How to complete this task » Within the data that follows, how many lines contain the word "CNNIC"? Reply with only the number.

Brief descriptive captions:
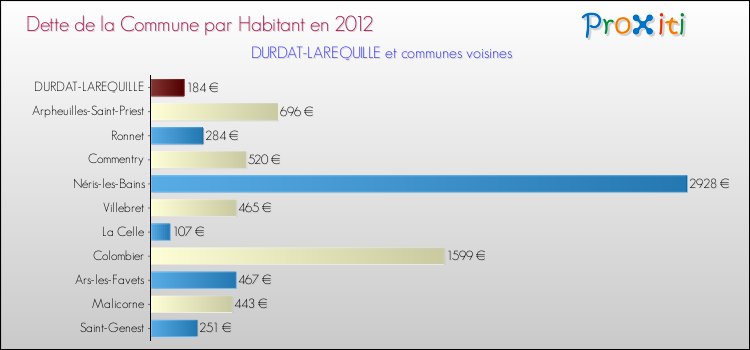 Dette par habitant de la commune en 2012 pour DURDAT-LAREQUILLE et les communes proches Comparaison de la dette par habitant de la commune en 2012 pour DURDAT-LAREQUILLE et les communes voisines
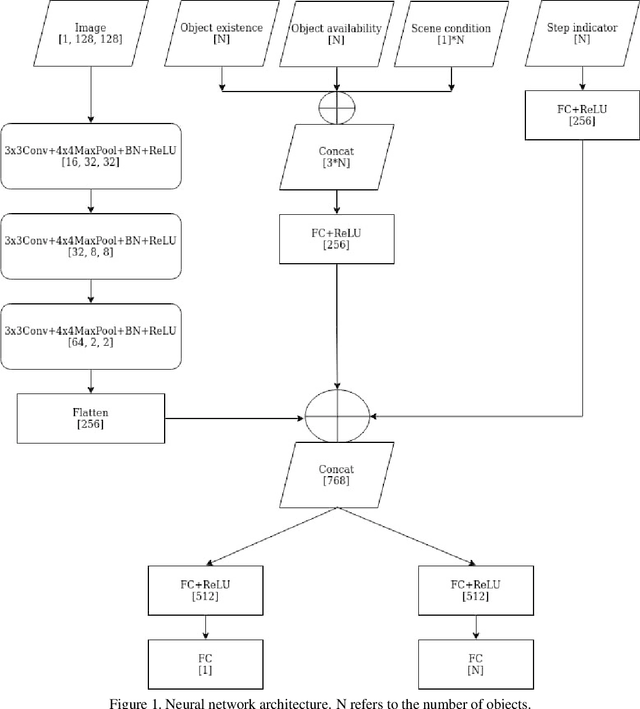Figure 1 for RLSS: A Deep Reinforcement Learning Algorithm for Sequential Scene Generation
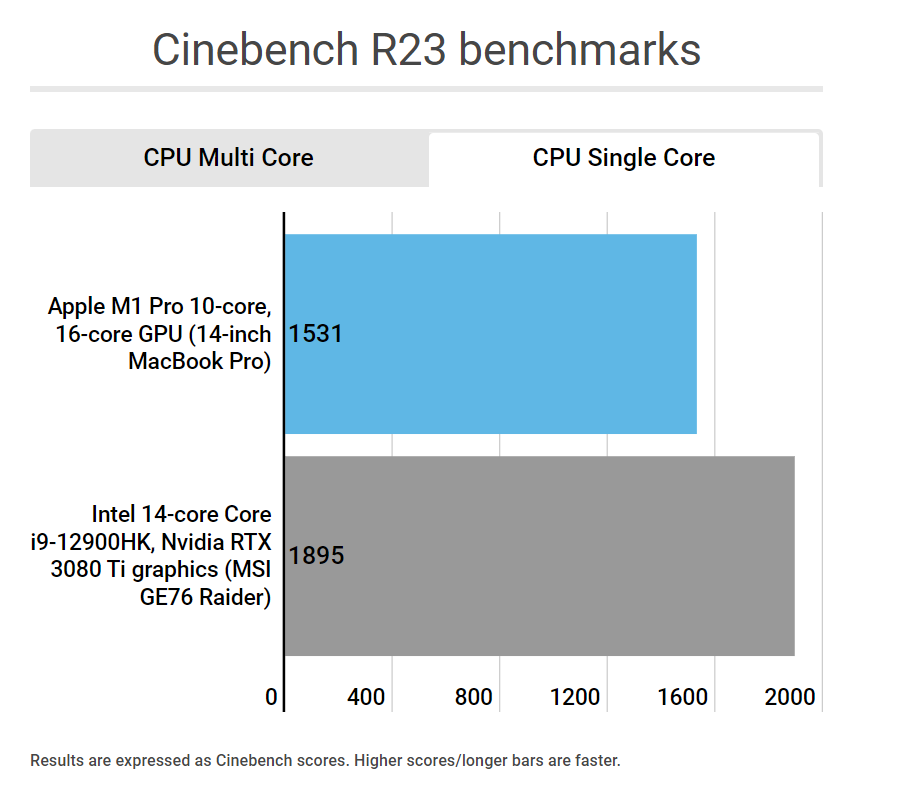 New Intel Core i9-12900HK is faster than the M1 Max at the cost of power efficiency
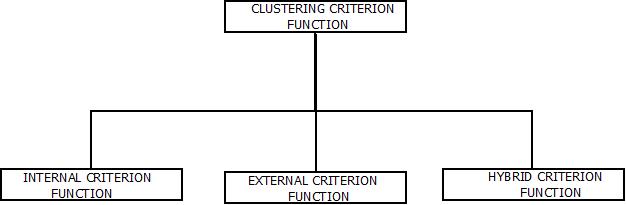 This image describes the three different types of criterion functions used in clustering. 
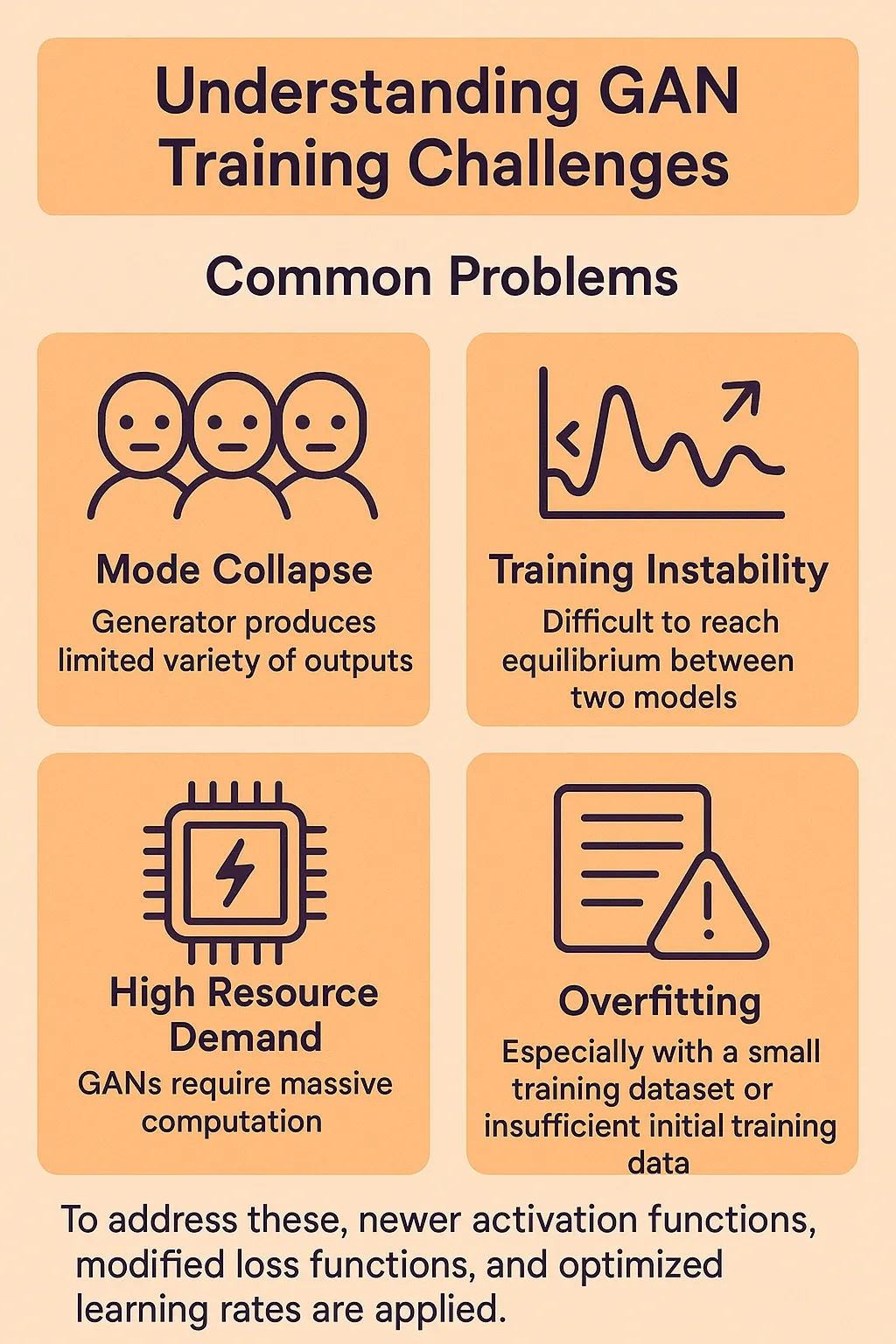 understanding-gan-training-challenges.webp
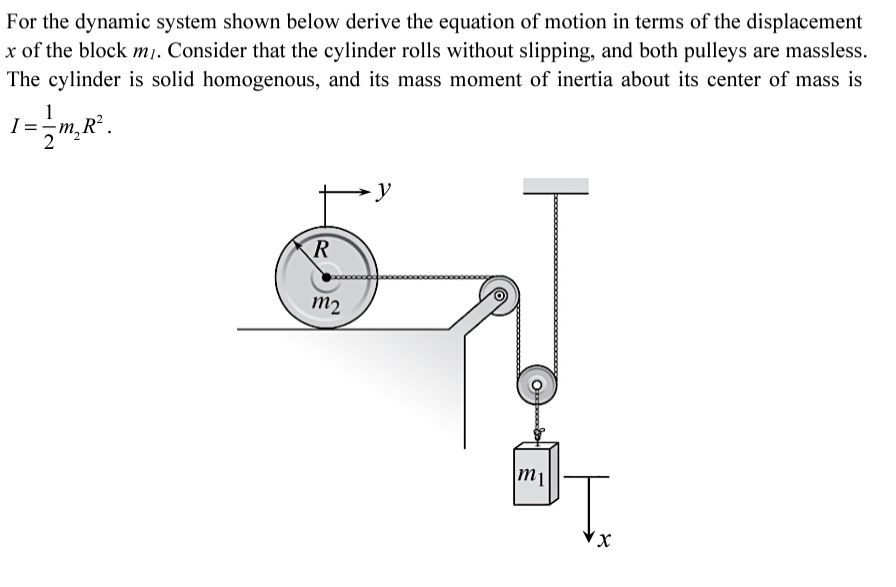 Solved For the dynamic system shown below derive the | Chegg.com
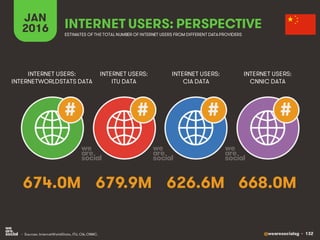 @wearesocialsg • 132
JAN
2016 INTERNET USERS: PERSPECTIVE
ESTIMATES OF THE TOTAL NUMBER OF INTERNET USERS FROM DIFFERENT DATAPROVIDERS
INTERNET USERS:
INTERNETWORLDSTATS DATA
INTERNET USERS:
ITU DATA
INTERNET USERS:
CIA DATA
# ## #
INTERNET USERS:
CNNIC DATA
674.0M 679.9M 626.6M 668.0M
• Sources: InternetWorldStats, ITU, CIA, CNNIC.
 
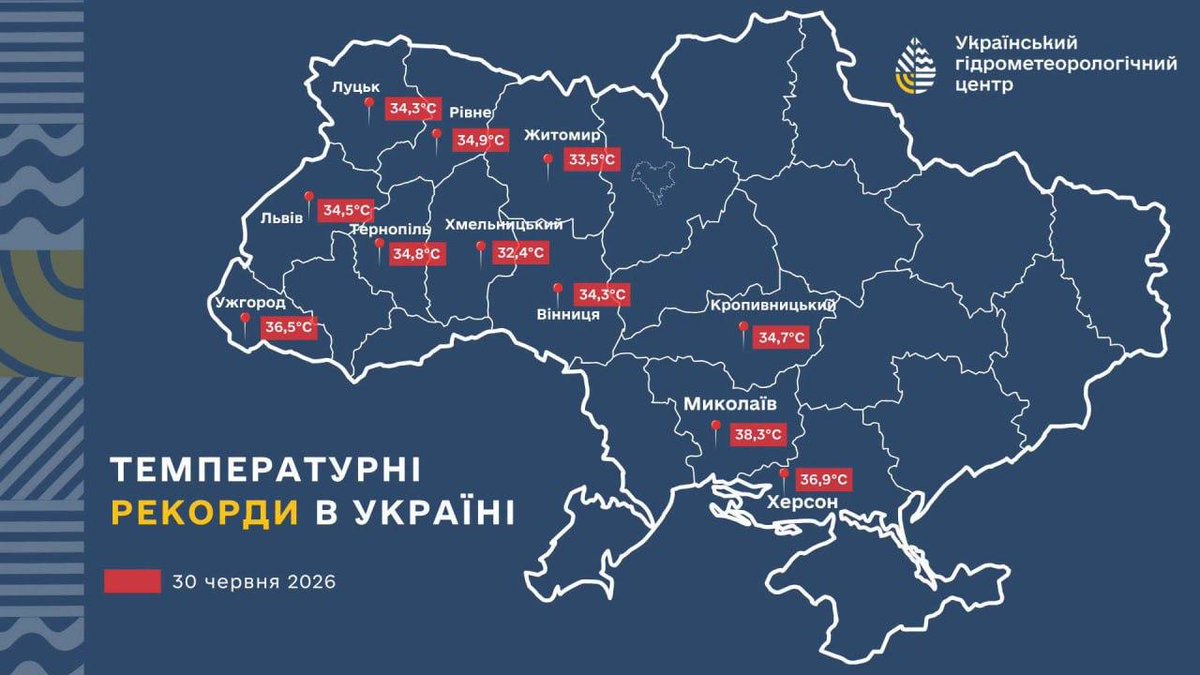 kyiv_tv's tweet photo. 🥵 Україні знову побили температурні рекорди — у деяких областях денні максимуми перевищили попередні історичні значення для цієї дати —Укргідрометцентр

Найвищу температуру зафіксували у Миколаєві — +38,3°C. 

Водночас уже від завтра спека почне слабшати на заході, а 3–4 липня прохолодніше стане у більшості областей. Місцями можливі сильні зливи, грози та шквали.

Solution to this task » 2